Philip Rangel disse...

Pois é meus amigos, meus novos amigos é tao interessante entrar em cada blog, na qual chamo de pagina de internet, e visualizar ...ler...responder a cada postagem...quao magnifico visitar novos blogs e tornamos amigos...novos amigos em que apoio e eles tambem apoiam...participam..cada blog traz a sua essencia..que muitas vezes viajamos ;..rimos....e ate emocionamos com os textos prescritos...alguns de vcs marcam com textos informativos, texto diarios, texto mundo, tv, dicas, outros pela emoçao poemas, utilidades, cada um programa o seu jeito..por isso torna se um mundo magnifico na qual enriquecemos com cultura pois cada um demonstra seu trabalho em diferentes localizaçoes do Brasil e do mundo..
Agradeço sim a todos que me visitaram e que me visitam..a todos que ja entraram numa fria...a todos que apoiaram o retorno e apoiaram nesse ano de 2008..espero essa uniao em 2009.. pq as postagens nao podem parar...

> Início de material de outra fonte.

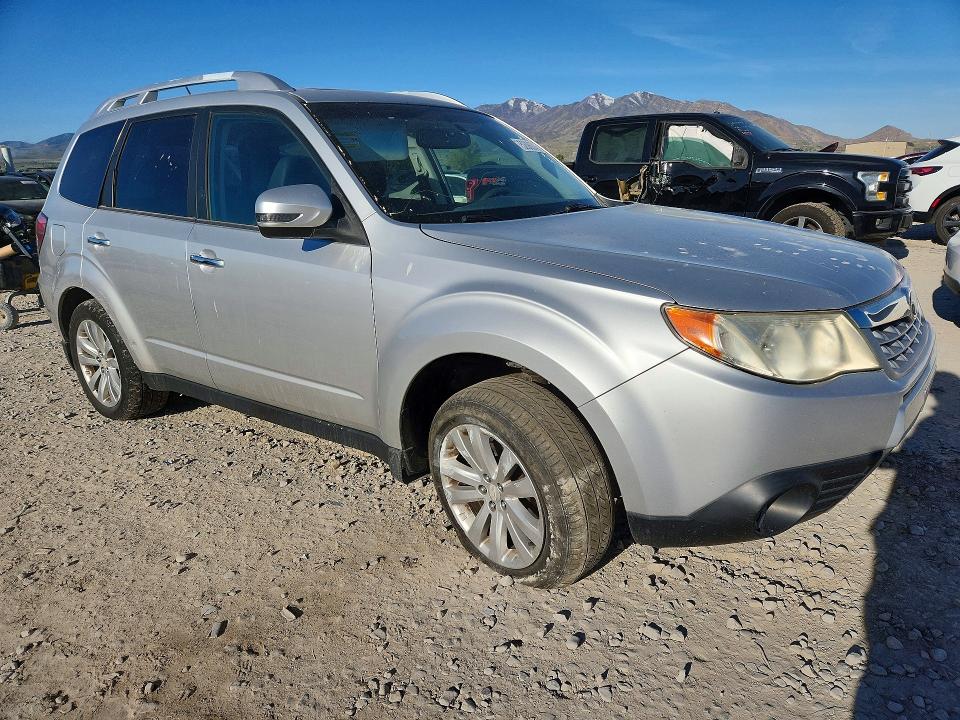 52080746 :رقم المزاد ، JF2SHAGC3BH704335 vin ، 2011 Subaru Forester مزاد بيع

Parabens a vc amigo blogueiro por existir e mostrar qm é voce...

abraços a todos....
e que venha 2009

Giane disse...

Oi, Menino.

De fato, bom senso é algo que não faz mal a ninguém.
E ser sensato em tudo na Vida é uma das melhores virturdes que podemos ter, além do Amor e do Perdão, é claro.

Agradeço sua visita e palavras gentis. Que em 2009 possamos continuar a compartilhar de mais e novas idéias.

Beijos mil e Feliz Ano Novo!!!

Bill Stein Husenbar disse...

Boas Festas.

Deixo uma prenda de Natal:

http://img152.imageshack.us/my.php?image=selohs3.jpg

http://desabafos-solitarios.blogspot.com/

Vivian disse...

...bom senso, bom senso, bom senso...
onde se encontra isso na mente
brasileira?

muahhhhhhh

Izinha disse...

Q bom...

q este novo ano q se aproxima traga à vc um universo de felicidade e q seus sonhos
sejam conquistados, suas esperanças renovadas e q a paz tão necessária seja encontrada...

Feliz 2009!

Tem um presentinho esperando por vc, com muito carinho...

bjos...Izinha.

Sam disse...

Seu texto é sempre bombástico e o que me impressionou foi ler aqui coisas que ouço de meu esposo. Ele tb questiona o preço dos carros, o consumismo norte-americano da classe média brasileira e outros pontos que vc levantou.
Pessoalmente me tocou mais o que falou sobre um jovem se revoltar porque não tem acesso ao que o outro, de familia de mais posses, tem e ele não pode ter. Sempre penso nesta questão como o grande motivador de atitudes erradas em nossa sociedade e considero que é um dever dos pais educar os filhos de modo que não queiram ter nem ostentem o que é desnecessário. Bom ponto.
Agradeço sua participação da blogagem e desejo um ano de 2009 abençoado.